Recently, Jang et al. (2016) reported on a patient with moderate TBI resulting from a car accident, which occurred while riding a bicycle, who showed nerve tracts from the bilateral fornical columns to each medial temporal lobe following bilateral injury of the fornical crura. He showed memory impairment at 4 months after onset as the global memory: 79 (8%ile) on the MAS and his memory impairment was improved to normal range, as the global memory: 99 (47%ile) on the MAS at 16 months after onset (Williams, 1991). Discontinuations of the proximal portion of bilateral fornical crura were observed on both 4-month and 16-month DTTs. On 16-month DTT, both fornical columns were connected to each medial temporal lobe through the new nerve tracts (mechanism 4) and a new nerve tract originating from the left fornical column was connected to the right medial temporal lobe via the left medial temporal lobe and the splenium of the corpus callosum (mechanism 5).

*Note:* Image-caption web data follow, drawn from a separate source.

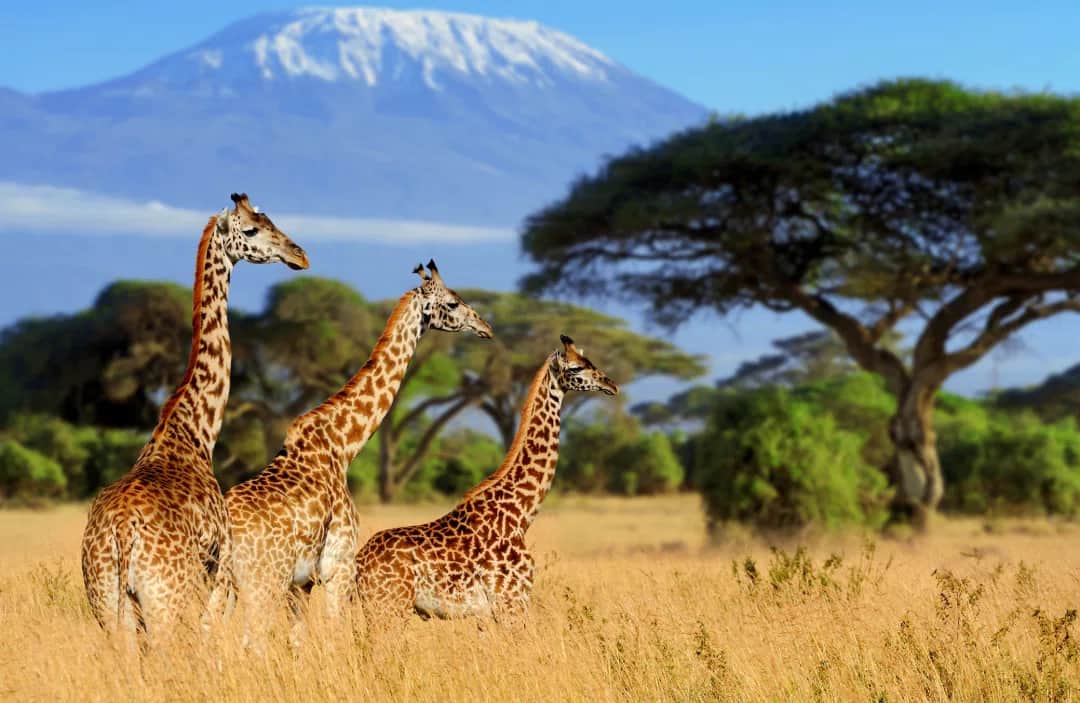 Sentio Safari photo 14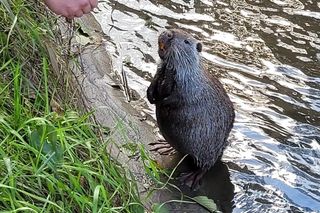 Nutrie w Rybniku są już odławiane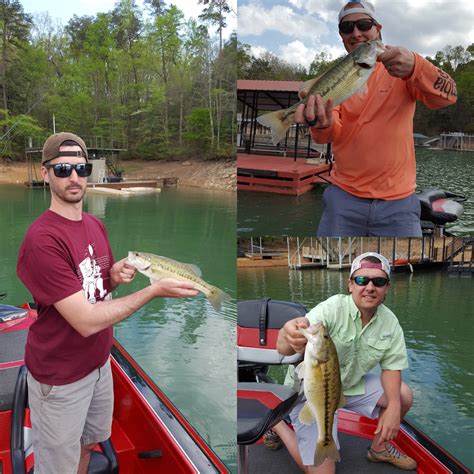 Lake Blue Ridge Fishing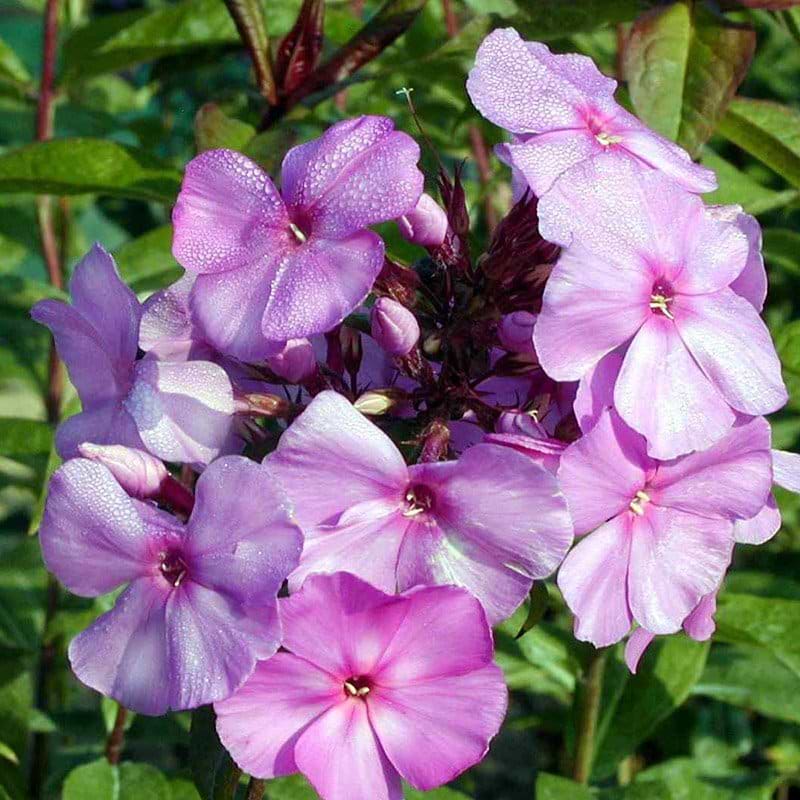 Høstfloks Phlox pan Amethyst lilla blomst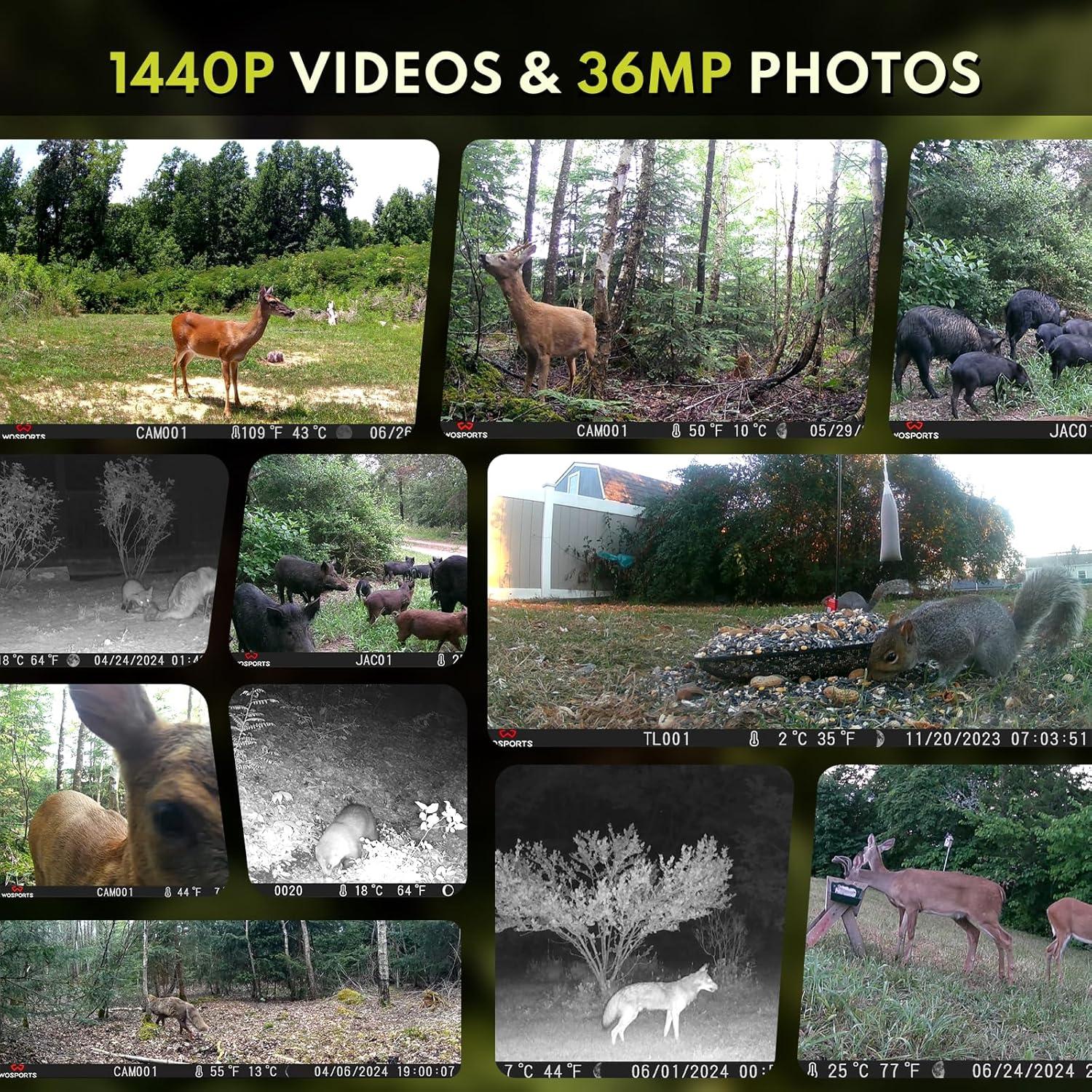 Cámara de sendero WOSPORTS H37 36MP 1440P visión nocturna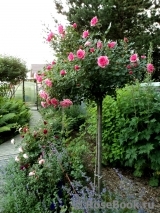 Starlet®-Rose Eva® Starlet®-Rose Eva®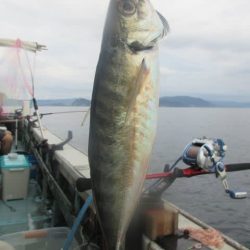 松福丸 釣果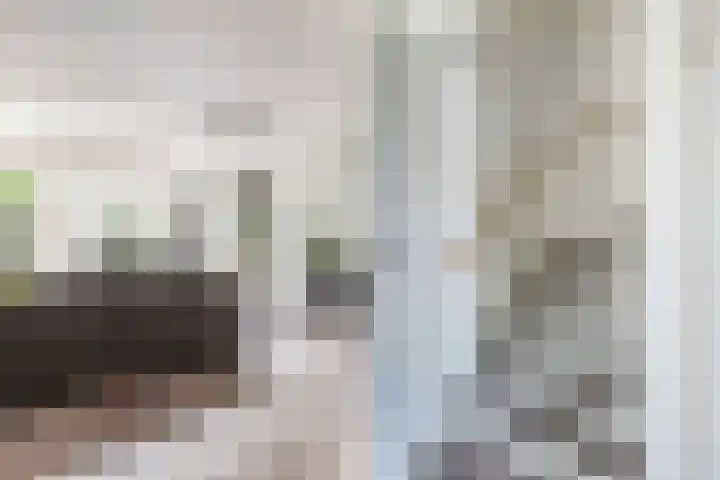 Albert Wiggerssingel 7 Emmeloord thumbnail 16
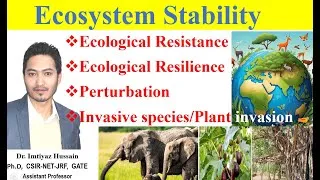 Thumbnail: Ecosystem Stability Ecological Resistance Ecological Resilience Perturbation plant invasion
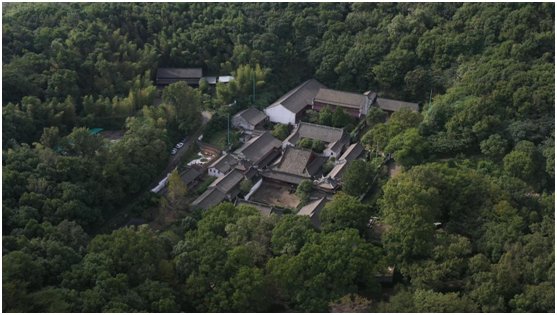 保国寺|千年古刹保国寺三千桂花竞相盛开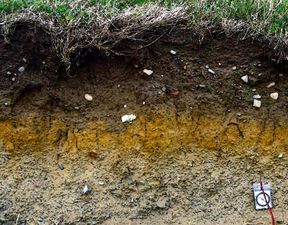 Layers of soil in Ireland. Dark brown soil usually contains a high amount of decayed organic matter.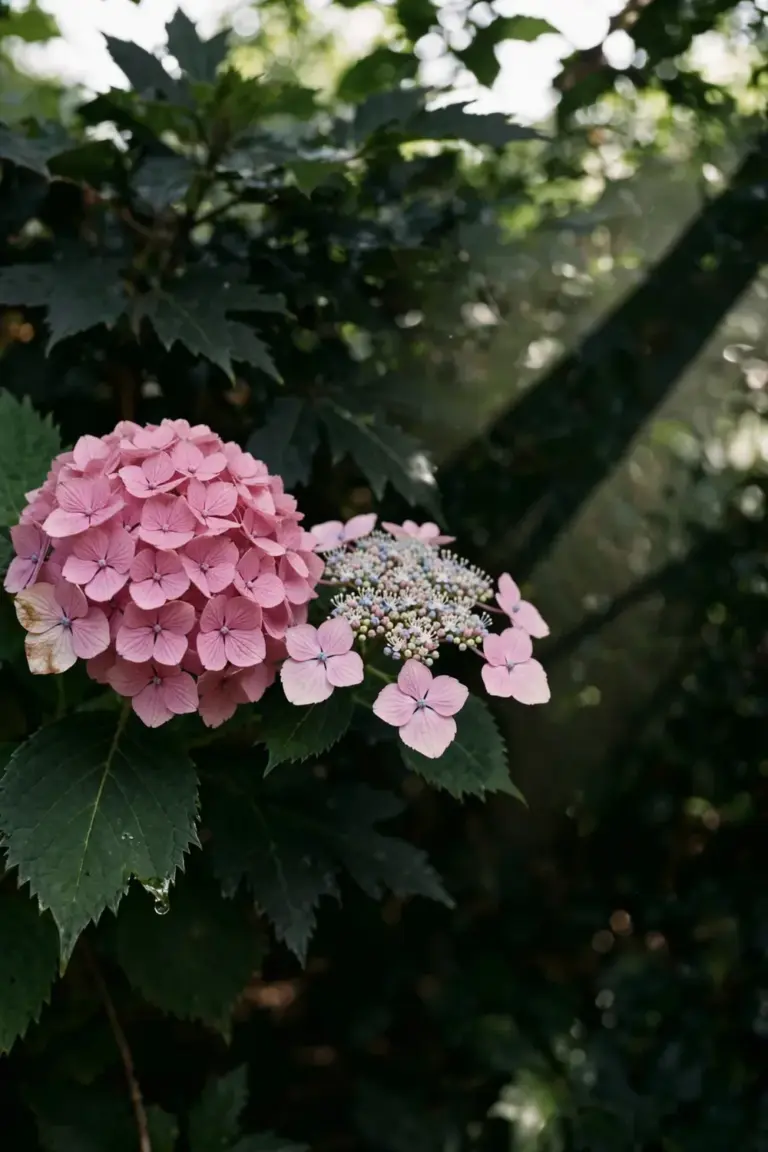 Mophead pom-pom bloom beside a flat lacecap bloom on a bigleaf hydrangea shrub.
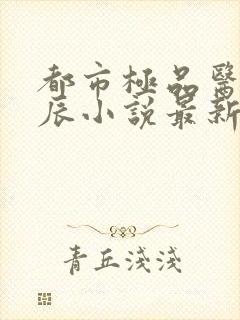 都市极品医神叶辰小说最新章节封面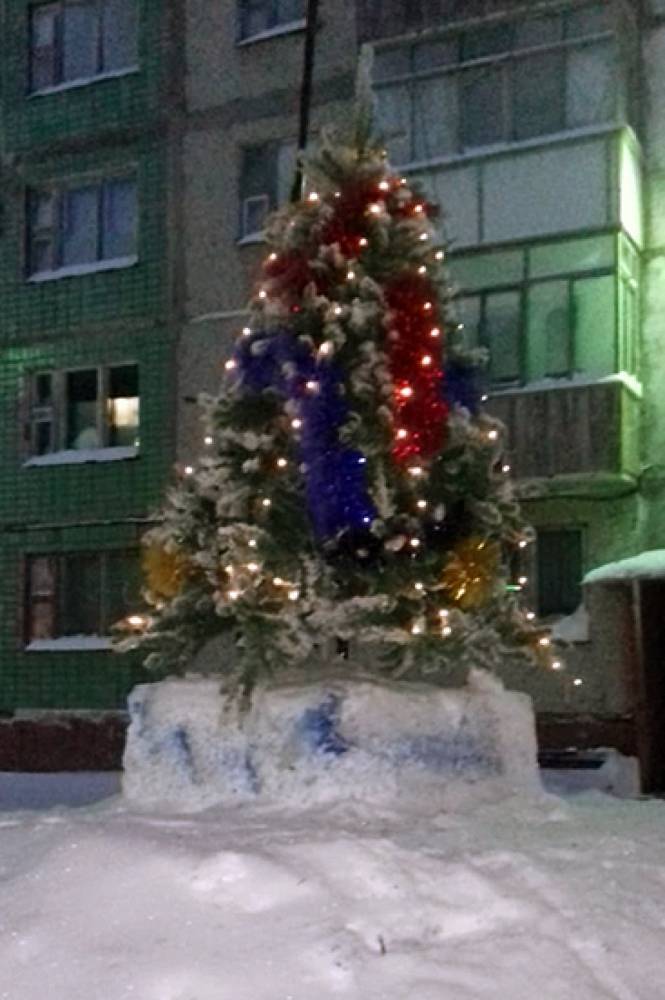 Депутат Горсовета Воркуты подарил жителям Комсомольского новогоднюю елку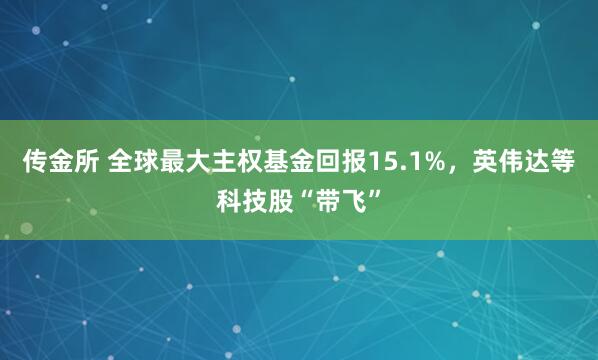 传金所 全球最大主权基金回报15.1%，英伟达等科技股“带飞”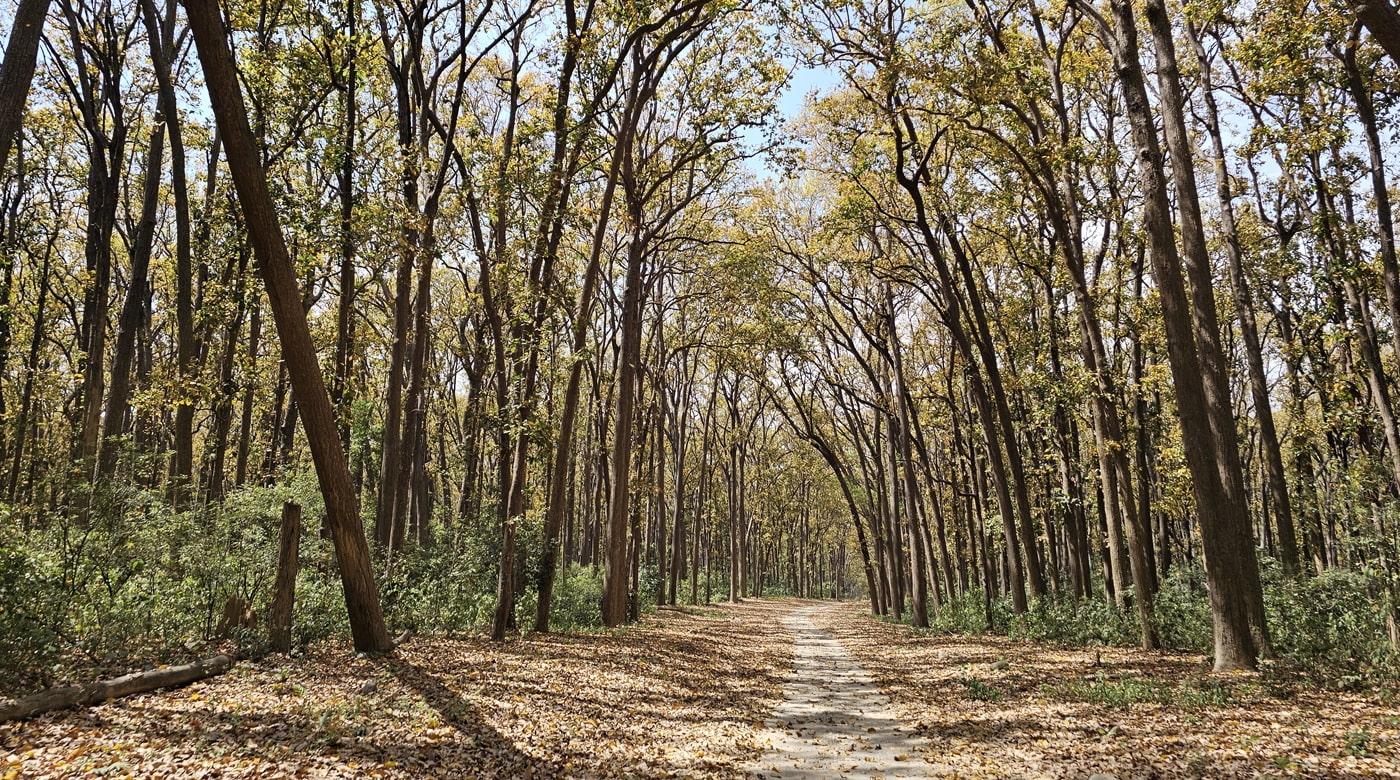 Sparrow Nest Corbett Homestay - Jim Corbett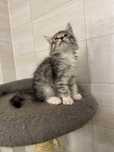 Kocurek maine coon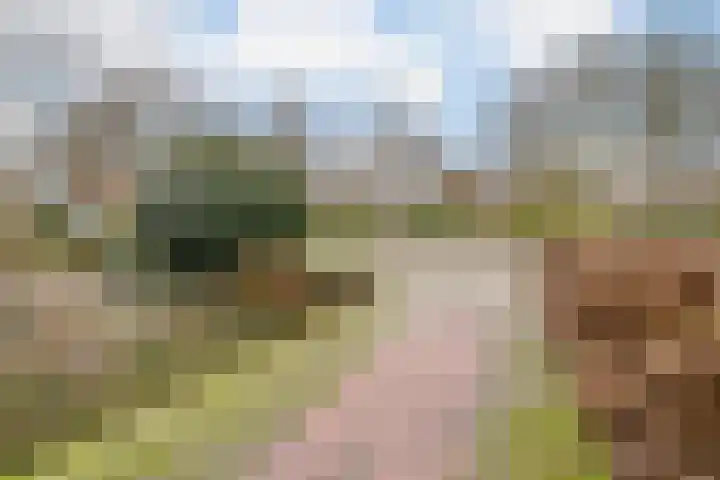 De Wittenhagen 19 Harderwijk thumbnail 46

During the same year, Jang and Yeo investigated the recovery process of injured fornical crura following a neurosurgical operation for a brain tumor (Jang and Seo, 2016). The patient showed severe memory impairment after craniotomy and navigator assisted removal of craniopharyngioma at the suprasellar space. Discontinuation of both fornical crura was observed on 2-month DTT. However, on 6-month DTT, fornical crura emerged from the end of the fornical body on both sides and were elongated to the medial temporal lobe on both sides on 20-month DTT. The authors suggested that the injured fornical crus recovered via the normal pathway of the fornical crus in this patient (mechanism 1) (Jang and Seo, 2016).

To conclude, in this article, five DTT studies (four studies: traumatic brain injury, and one study: brain tumor) on mechanisms of recovery of injured fornical crus in patients with brain injury were reviewed. The frequency of mechanisms of recovery of an injured fornix was in the following order: mechanism 4 three times, mechanism 2 twice, mechanism 1 three times, and mechanism 5 once. These DTT studies on mechanisms of recovery of injured fornical crus appeared to provide useful information for clinicians caring for patients with brain injury, however studies on this topic are still in the beginning stages. Therefore, we could not describe the factors which could affect the acting recovery mechanism among five mechanisms after injury of fornical crus. These factors might include brain pathology, severity and location of injury of fornical crus, and patient's gender or age.

In-depth DTT studies on this topic, particularly those involving large numbers of subjects and other brain pathologies, should be encouraged. In addition, the limitation of DTT should be considered: regions of fiber complexity and crossing fibers hinder full reflection of the underlying fiber architecture, resulting in possible underestimation of the nerve tracts (Parker and Alexander, 2005; Wedeen et al., 2008; Yamada et al., 2009).